Written by Recensioni

Probabilmente non esistono molte persone nel mondo occidentale che non associno il nome Twin Peaks al capolavoro di David Lynch d’inizio anni 90. Se qualcuna di queste però sta leggendo la mia recensione, sappia che si tratta di una serie televisiva realizzata dal maestro del surrealismo cinematografico che racconta della morte della giovane Laura Palmer e delle indagini che ne sono seguite dentro una misteriosa cittadina al confine tra Stati Uniti e Canada. Chi sa di che parlo troverà riduttiva e semplicistica la mia descrizione ma non è questo il luogo per parlare della pellicola che invito tutti a riscoprire, in attesa dell’agognato seguito. Quello di cui discutiamo oggi è invece l’ultimo lavoro di una band meno nota del telefilm ma che meriterebbe più attenzione e almeno una volta nella vita una vostra presenza a un live.

Gli Xiu Xiu sono un’eclettica formazione californiana che ruota attorno al talento di Jamie Stewart e che, nel corso degli anni, ha visto più di una volta stravolto il proprio stile tanto quanto la sua compagine. Partendo da una materia prima New Wave, hanno esordito con lavori sperimentali degni di nota come Knife Play o A Promise di stampo sintetico ed elettronico, profondamente inclini ad ambientazioni malinconiche, sconfortate, mortifere, tragiche, tutto fino al capolavoro Fabulous Muscles in cui, mantenendo intatti i punti fermi estetici, hanno amplificato la loro vena Art Rock al massimo. Da qui in poi (era il 2004) hanno messo al mondo un numero impressionante di opere che non hanno disdegnato di accarezzare territori diversi e più morbidi come il Pop (“Angel Guts: Red Classroom”) ma anche lo Spiritual e l’Avant Rock oltre ogni immaginazione, con pochi lavori degni di nota e tante porcherie, specie in tempi recentissimi con Neo Tropical Companion Hearts, Tired of Your World… Peru e Kling Klang eppure quello che mi ha sempre spinto a tenerli d’occhio è un incredibile coraggio dovuto a una necessità di mantenere intatta la loro (in realtà sua, perché è Stewart il cuore degli Xiu Xiu) libertà espressiva.
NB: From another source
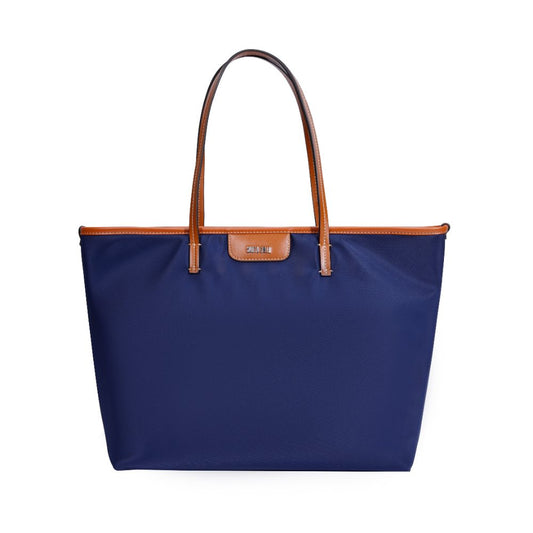 Bolsa Shopper Santa Lolla Azul Nylon Viés Nude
A questo punto arriviamo a Plays the Music of Twin Peaks, una scommessa apparentemente persa in partenza viste la difficoltà di ridare linfa a una colonna sonora che è stata incredibile a tal punto da aver reso l’opera di Lynch ancor più intensa, terrificante, inquietante e memorabile tanto che bastano un paio di note di Angelo Badalamenti per far venire la pelle d’oca a noi trentenni che con l’incubo di Bob siamo andati a letto ogni sera.
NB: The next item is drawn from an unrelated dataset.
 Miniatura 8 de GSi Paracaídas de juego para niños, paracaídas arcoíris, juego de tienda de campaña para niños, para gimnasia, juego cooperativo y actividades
Chi invece sa bene di cosa parliamo starà chiedendosi in che modo possano aver proposto questa parziale rilettura ed è quello che mi sono chiesto anch’io e che ho scoperto solo poco fa. Certamente lo stile tetro, perturbato e disperato degli americani ben si sposa con l’opera di Badalamenti eppure forte è il rischio che le esasperazioni sonore da loro adorate finiscano per stravolgere eccessivamente gli originali. Quello che, invece, hanno fatto ottimamente gli Xiu Xiu è stato abbassare i toni sugli aspetti loro meno consoni come quella certa eleganza jazzistica e quella soavità a metà tra Chamber e Dream Pop, per amplificare le parti più crude, brutali, senza per questo esagerare nell’interpretazione personale e suggerendo un punto di vista diverso allo “spettatore”, ora meno vittima sessuale e sacrificale al fianco della Palmer e più vicino alle figure malefiche del film. Tutto è meno tormentoso; le postille rumoristiche dilatano l’eccitazione e spezzano quell’inquietudine donando maggiore energia; la voce, nei pochi casi in cui compare, è perfetta nella sua disuguaglianza con l’originale per seguire l’impronta di questa versione disarmonica dei brani e il senso di angoscia è comunque riproposto con una forma dissimile (si pensi al lungo monologo -anzi no, ma non vi rovino la sorpresa- finale, “Josie’s Past”). Questo Plays the Music of Twin Peaks non può e non deve essere visto come una semplice riproposizione di vecchie canzoni e brani di una grande serie e soprattutto non deve essere inquadrato collegando le sue note alle immagini che avrete bene impresse nella mente se avete visto la serie. Quelle icone, le tende rosse, la luce soffusa, la nebbia del nord America, gli abiti sensuali delle ragazze del One Eyed Jacks, la convenzionalità yankee della casa di Leland, l’oscurità del bosco, sono già state descritte con perfezione e minuzia da Badalamenti e queste nuove trasposizioni non riuscirebbero a dare lo stesso effetto. Per riuscire ad apprezzare al meglio il collegamento tra audio e video dovreste vedere una versione di Twin Peaks che non è mai stata impressa su pellicola, mai probabilmente immaginata, una versione in cui ogni momento è vissuto nella testa disturbata dell’assassino.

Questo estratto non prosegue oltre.